Task item: Make an exact copy of all the entries, with the pictures left out.

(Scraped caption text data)

__________________________________________________

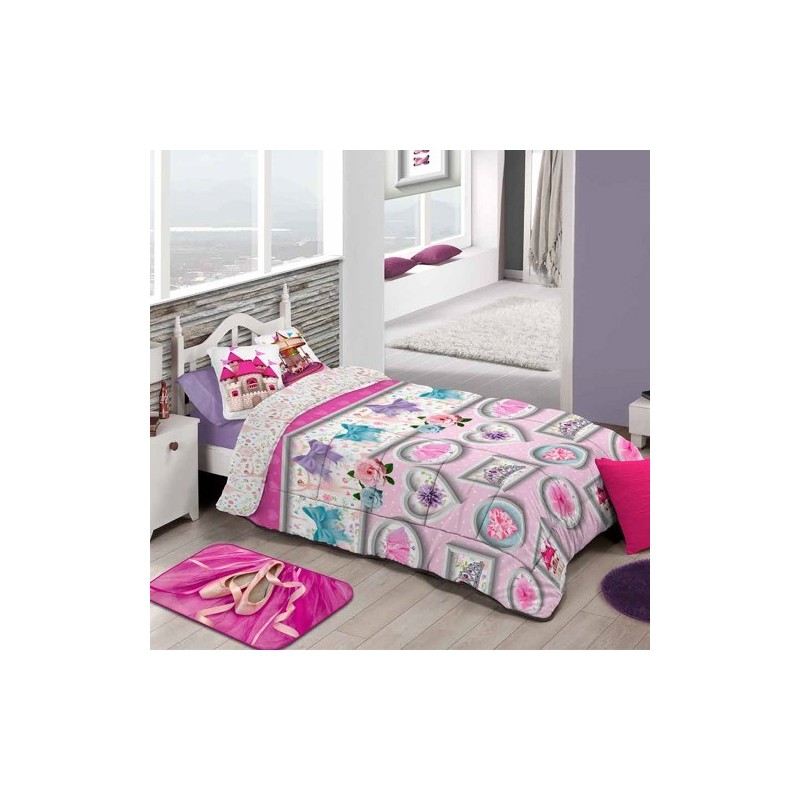 Edredón Comforter Manterol Modelo 588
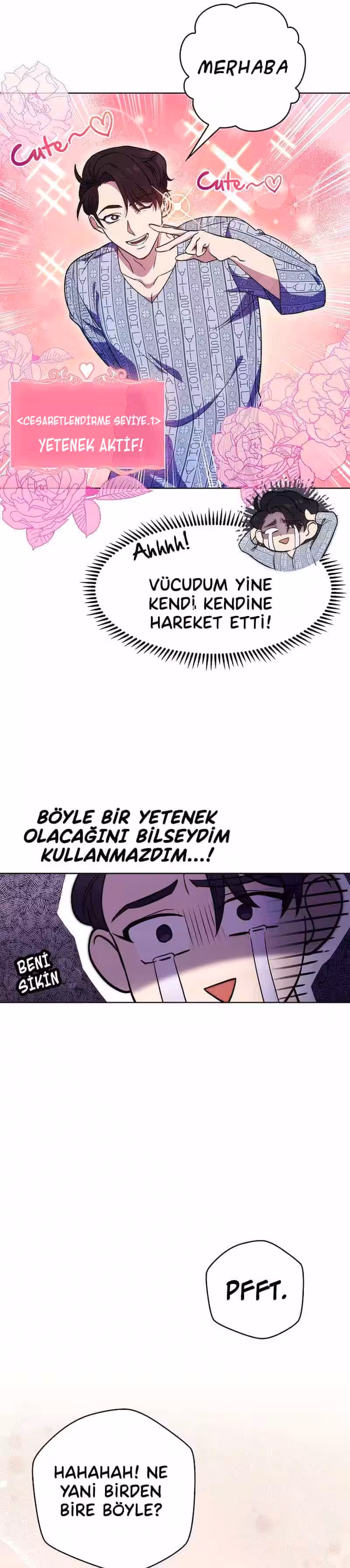 Sayfa 18 — Bölüm 3 — Seviye Atlayan Doktor: Choi Ki-seok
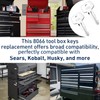 8066 Toolbox keys for Sears, Kobalt, Husky, Precision Cut Tool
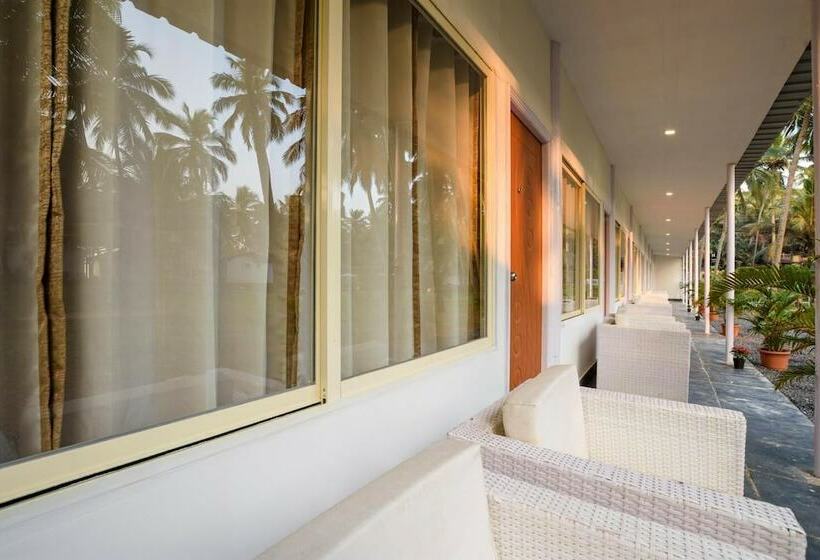 Хижина Deluxe, Maison Ocean Retreat
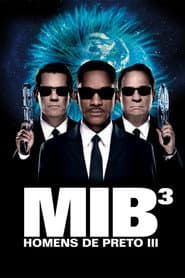 Pôster de MIB - Homens de Preto III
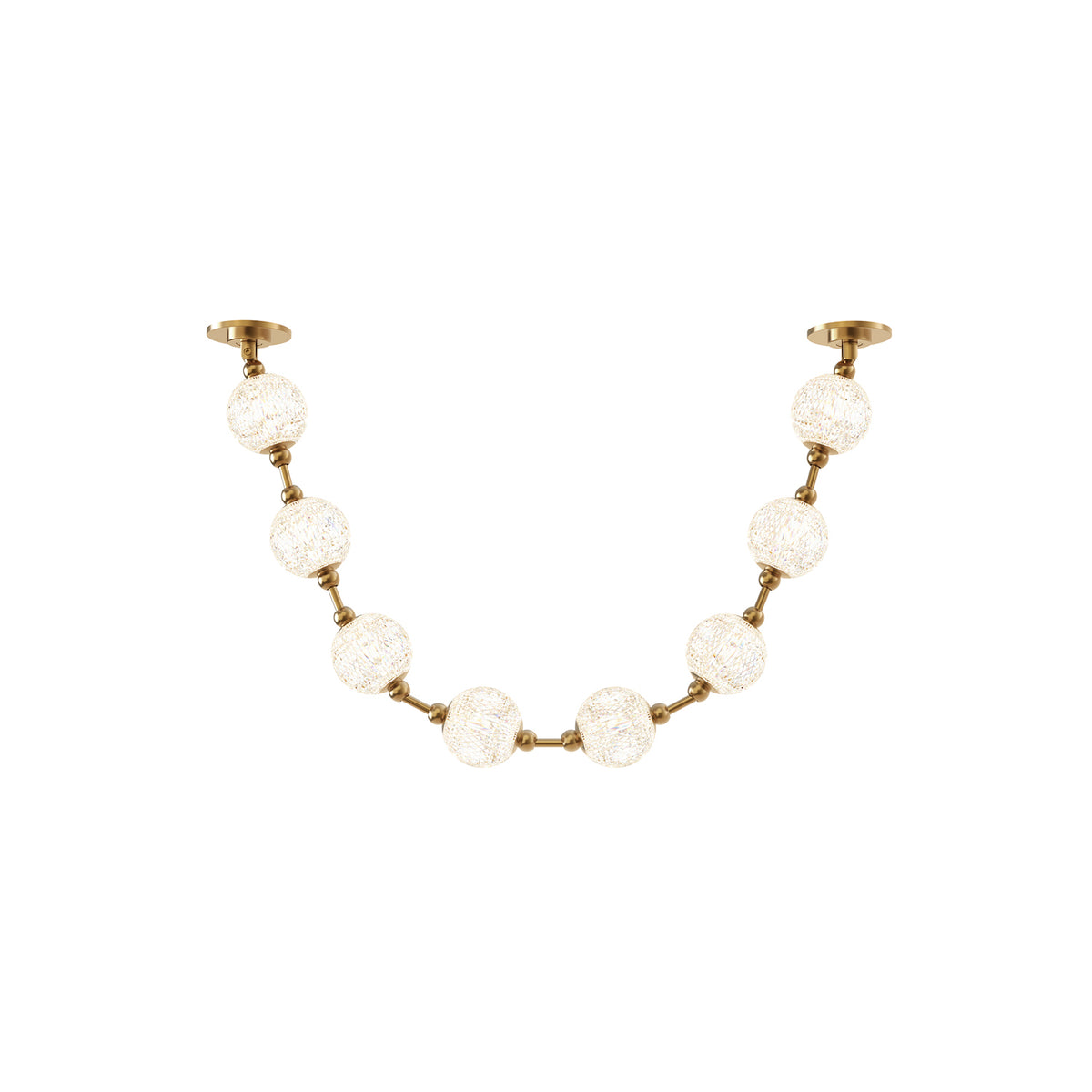 Marni 5-ft Aluminum Pendant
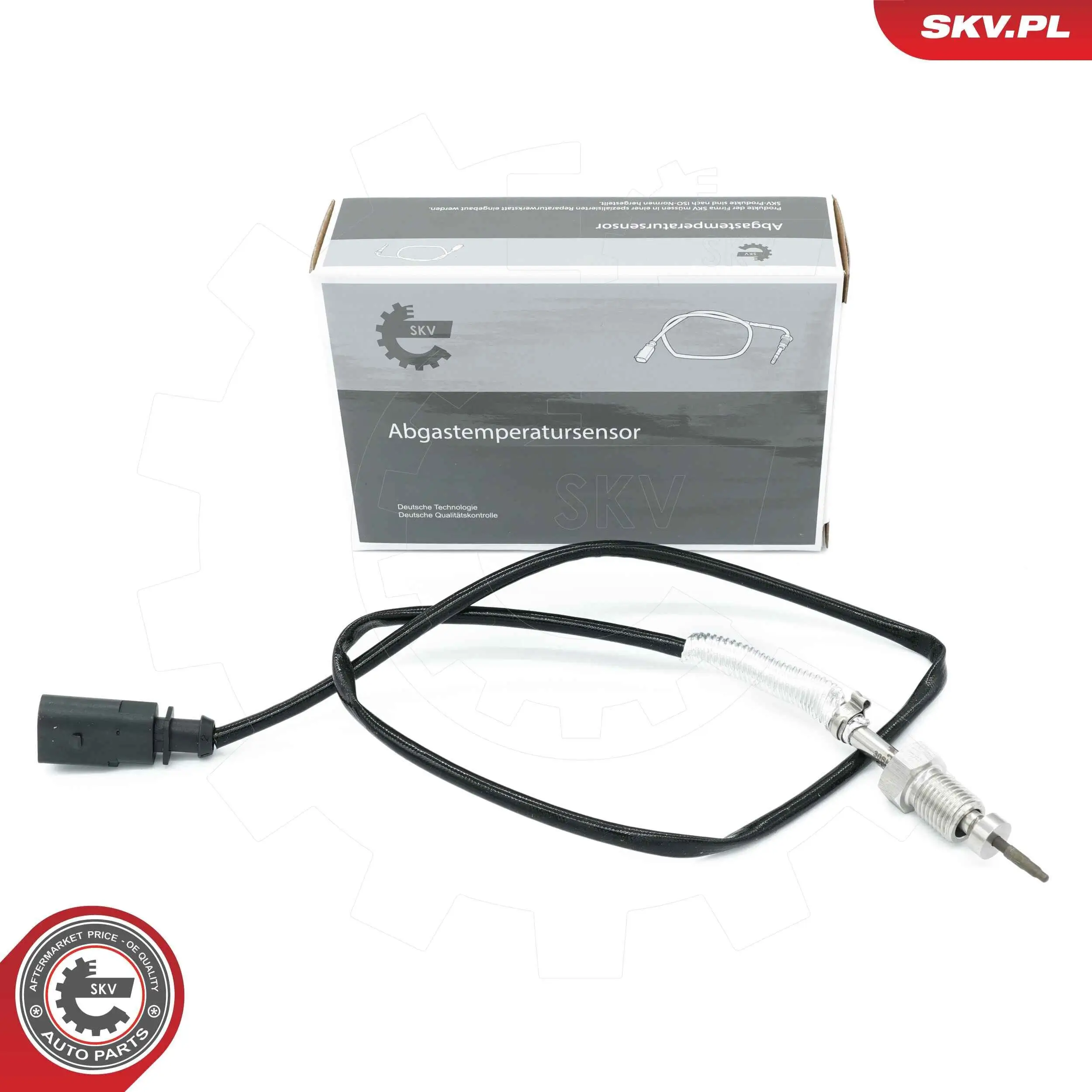 Sensor, Abgastemperatur ESEN SKV 30SKV469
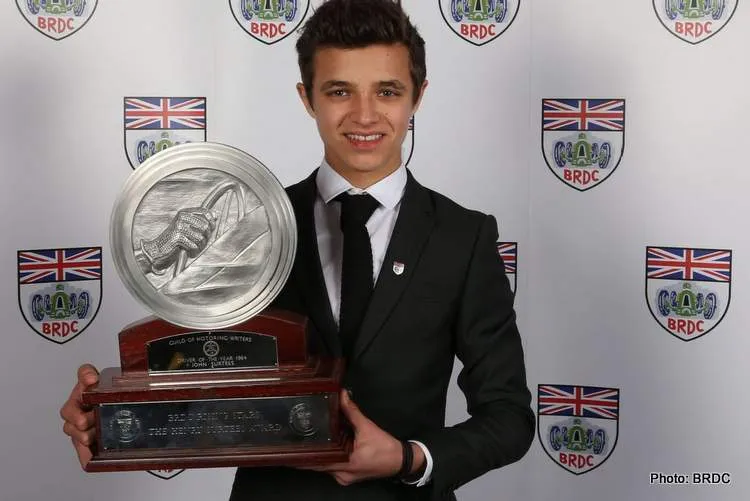 lando norris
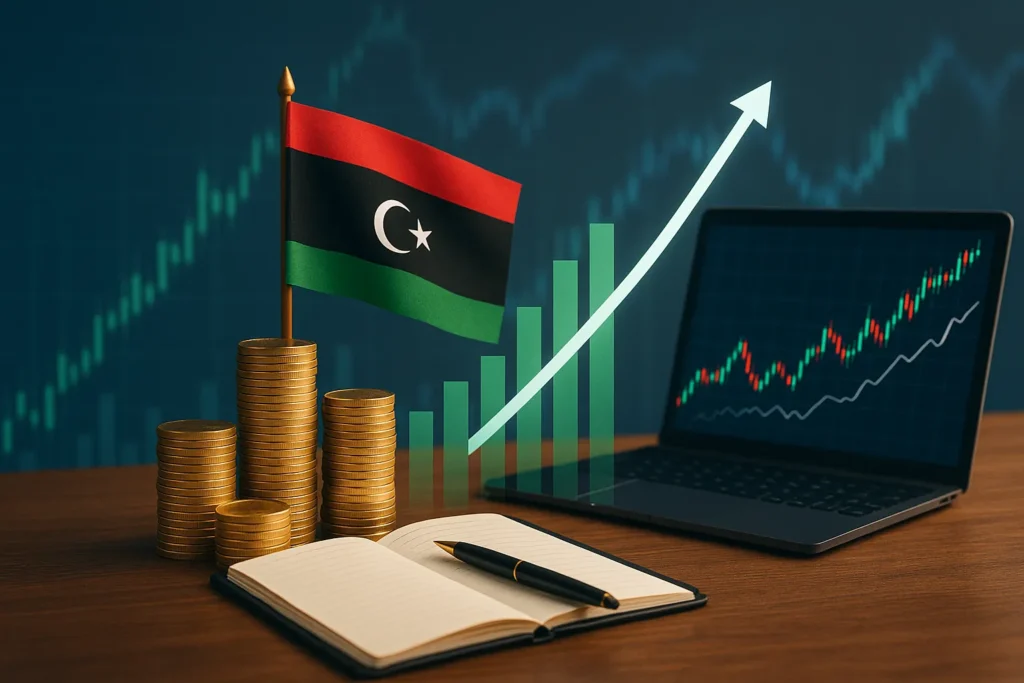 الاستثمار في سوق المال الليبي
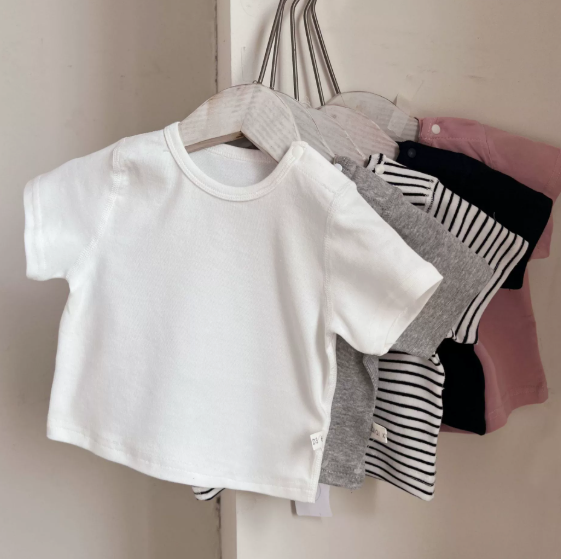 Baby Cotton Cute Lovely Summer T shirt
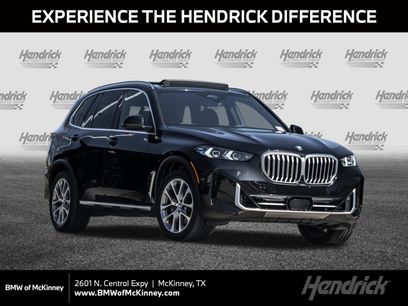 Certified 2025 BMW X5 xDrive40i w/ Premium Package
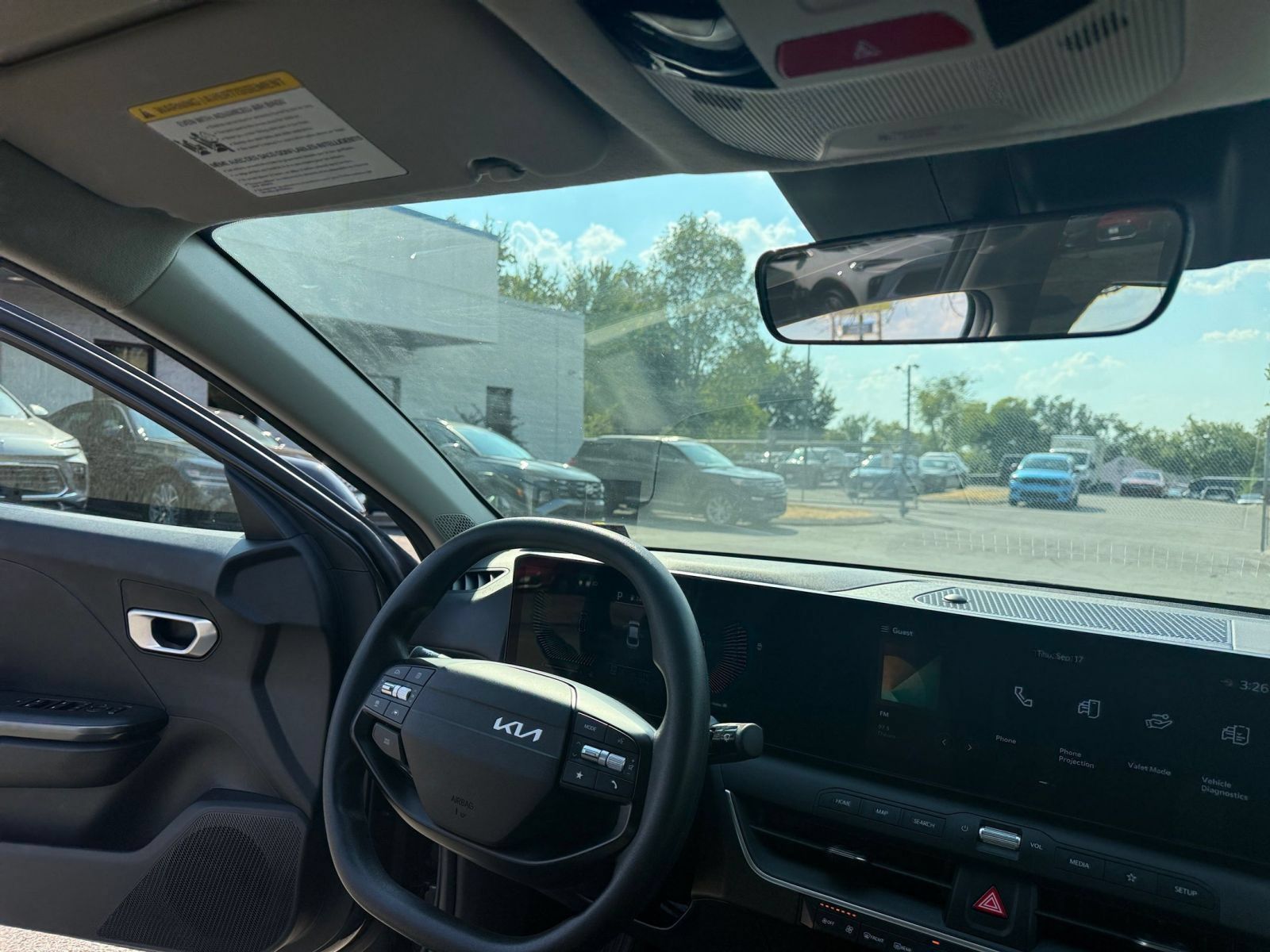 Used 2026 Kia K4 FWD image 32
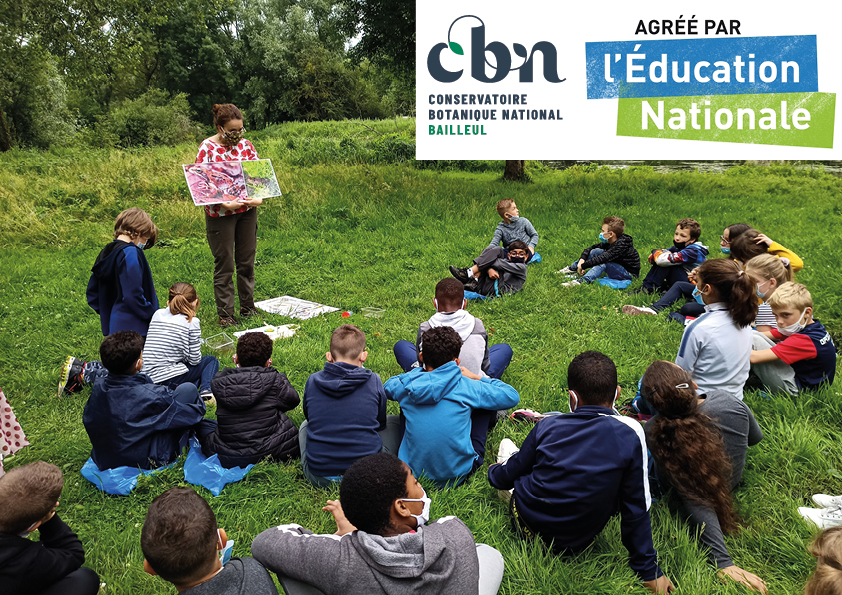 Renouvellement de l’agrément Éducation nationale !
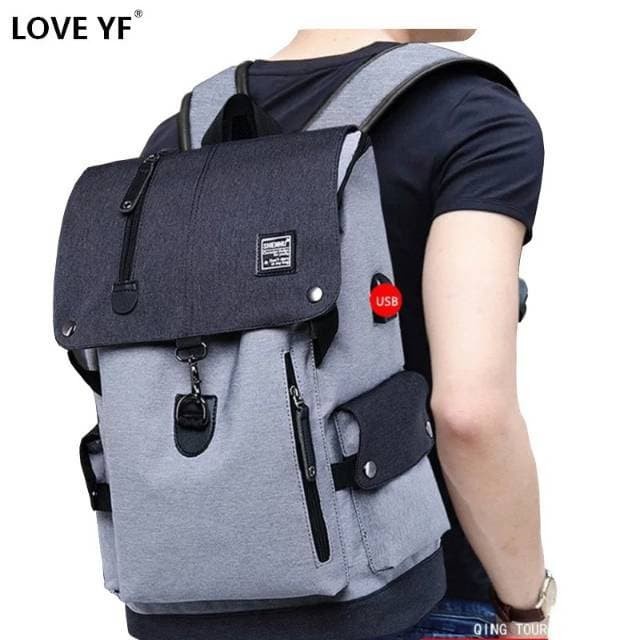 Ransel Pria Pria Ransel Punggung Murah I1Q5 Tumi Alpha Bravo Kelley Sling Blac Z1H4 Tas premium Prom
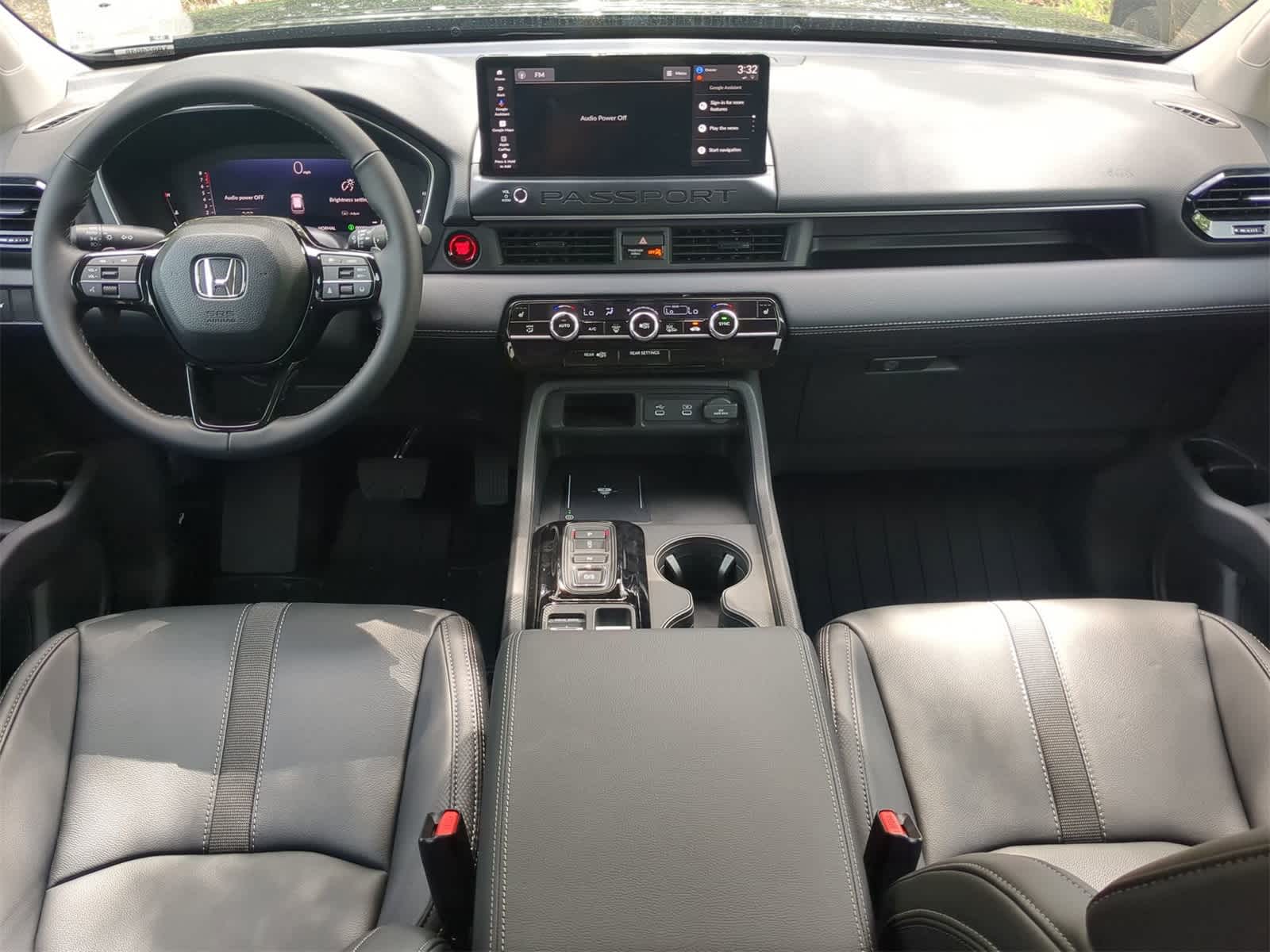 Thumbnail: 2026 Honda Passport - 14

__________________________________________________

Expected answer:
 Edredón Comforter Manterol Modelo 588
 Sayfa 18 — Bölüm 3 — Seviye Atlayan Doktor: Choi Ki-seok
 8066 Toolbox keys for Sears, Kobalt, Husky, Precision Cut Tool
 Хижина Deluxe, Maison Ocean Retreat
 Pôster de MIB - Homens de Preto III
 Marni 5-ft Aluminum Pendant
 Sensor, Abgastemperatur ESEN SKV 30SKV469
 lando norris
 الاستثمار في سوق المال الليبي
 Baby Cotton Cute Lovely Summer T shirt
 Certified 2025 BMW X5 xDrive40i w/ Premium Package
 Used 2026 Kia K4 FWD image 32
 Renouvellement de l’agrément Éducation nationale !
 Ransel Pria Pria Ransel Punggung Murah I1Q5 Tumi Alpha Bravo Kelley Sling Blac Z1H4 Tas premium Prom
 Thumbnail: 2026 Honda Passport - 14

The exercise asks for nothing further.